Fue el primer gran reto para Hugo Cruz Hernández, un guajirito que nunca había salido de su pueblo y que montar a caballo, jugar a los escondidos y bañarse en el río constituía todo su universo conocido.
Cuando llegó a la Escuela de Iniciación Deportiva, enclavada entonces en Varadero, se desmoronó todo su mundo interior y la nostalgia del niño se impuso sobre sus deseos de ser pelotero.
“Aguanté como un mulo unos siete u ocho meses, pero no pude más y regresé para mí casa. Era bruto en la escuela. Repetí grados y cuando llegué a secundaria mi papá me dijo que lo mejor que hacía era ayudarlo en la zafra. Cambié mucho física y mentalmente, porque el trabajo en el campo me fortaleció para mi carrera como pelotero.”
Hugo debutó con el equipo Henequeneros a los 17 años, demostrando cualidades como velocidad y aplomo, y sus primeros resultados le valieron para que fuera llamado a la preselección nacional con vistas a los Juegos Panamericanos de San Juan, Puerto Rico en 1979.

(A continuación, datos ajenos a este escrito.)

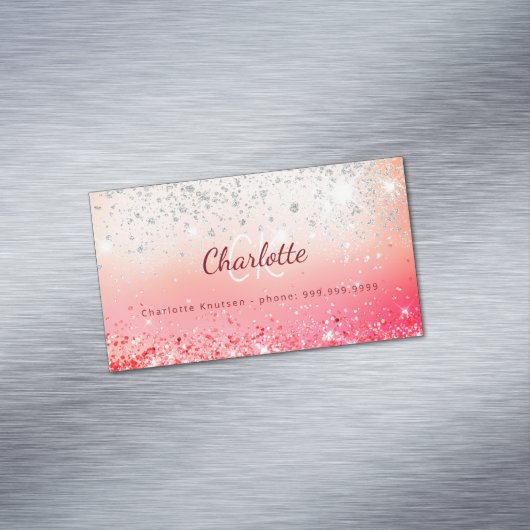 Roze Zilveren glitter monogram initialen Magnetisch Visitekaartje (Voorbeeld)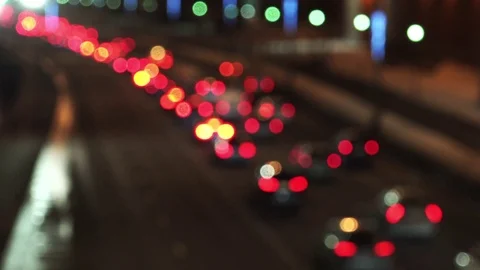 Defocused night traffic lights Stock Footage 70111160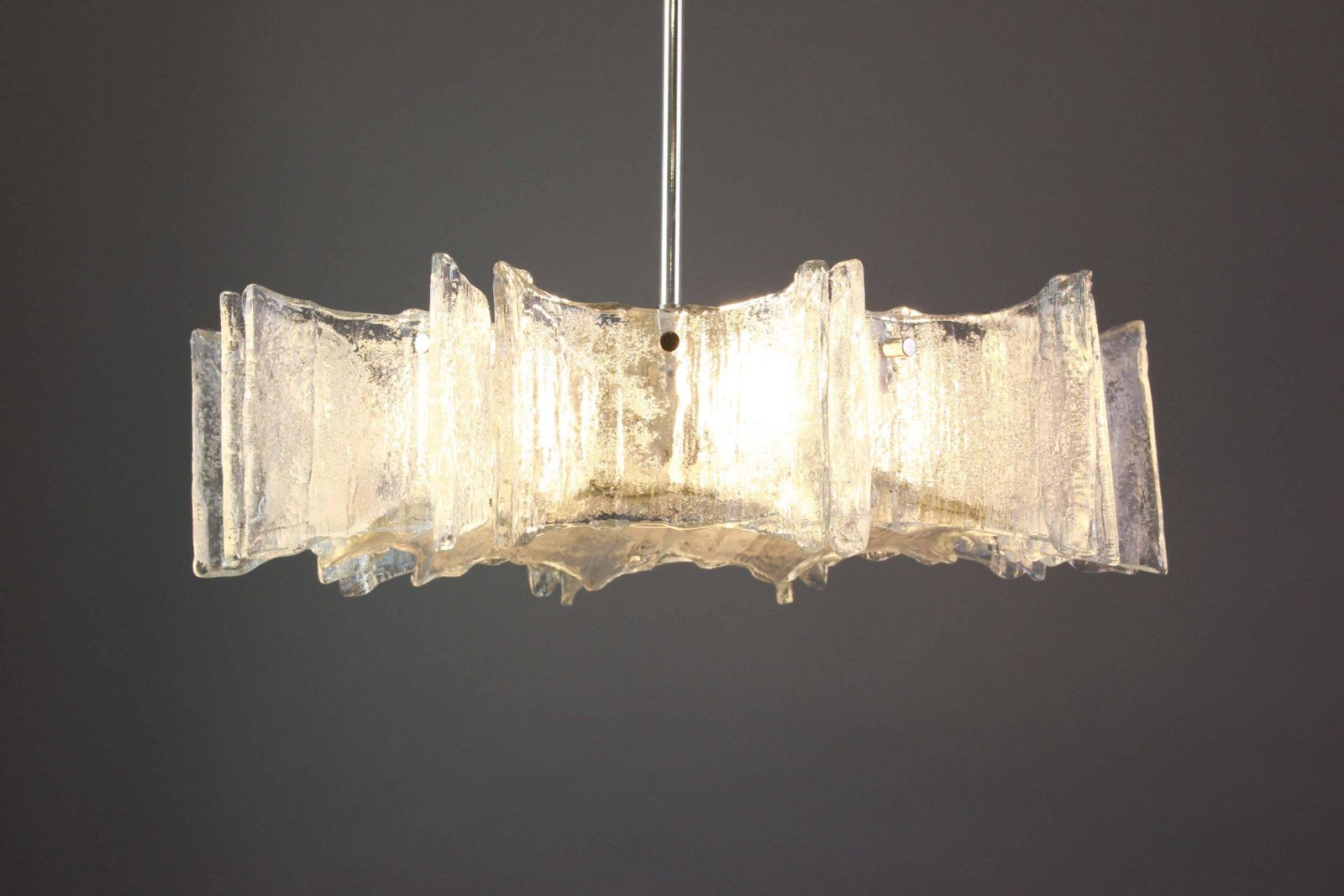 1 Of 2 Large Ice Glass Chrome Chandelier By Kaiser, Germany, 1960s photo for sale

“Yo cumplía cualquier rol, lo mismo abría que cerraba un juego y lo hacía cada cuatro días porque no había una regla que te limitara. Eso sí, tiraba duro. La pelota me caminaba sobre los 150 kilómetros por hora. Dependía de cómo me sintiera. Un día salí como relevista frente a Villa Clara y le propiné escón de ponches con las bases llenas, y cuando se terminó el partido el narrador Héctor Rodríguez bajó al terreno para preguntarme a qué velocidad estaba lanzando porque lo había impresionado. Era una época de oro para la pelota cubana. Tenías que hilar bien fino cuando te parabas en el box, porque sobraban los grandes bateadores. Nosotros salíamos al terreno con un amor al traje y unos deseos siempre de ganar, porque el público que nos iba a ver esperaba eso, entrega, sacrificio, amor."
Lanzó 175 juegos en nueve Series Nacionales como integrante de Henequeneros y Citricultores, con 46 victorias y 33 fracasos y un buen promedio de carreras limpias de 3.05 en la era del bate de aluminio. Tuvo una vida deportiva corta, teniendo todas las condiciones para encumbrarse en el oficio más complejo y difícil del béisbol.
“Me fui rápido, con sólo 27 años, una edad en la que los pitchers comienzan a despuntar. Sentía molestias en el brazo y, además, surgieron desavenencias con la dirección del equipo. Estaba inconforme y pedí la liberación de la provincia. Entonces “Ñico Jiménez”, que era chequeador en la provincia de La Habana habló conmigo y me incorporó en el equipo de Nueva Paz con vistas a la Serie Nacional. Después de ganar cinco o seis juegos me puse a pensar que en algún momento tendría que enfrentarme a los míos, a mis antiguos compañeros, y decidí no jugar más. Fue muy duro, pero no di marcha atrás. En estos momentos soy entrenador en el Combinado Deportivo de San Antonio de Cabezas”.
Este hombre-niño, que lleva en su rostro las huellas del rigor de la vida, contó con la guía segura de su abuelo Secundino Cruz, motivo e inspiración para superar los más grandes retos.
“Era quien me cuidaba, me aconsejaba y velaba cada paso que yo daba. Mi abuelo era como algo sagrado. No pude tocar el cielo como él quería, pero al menos lo intenté. A veces me voy solo al patio, cierro los ojos, me paro en puntillas y extiendo la mano para tocarlo a él”.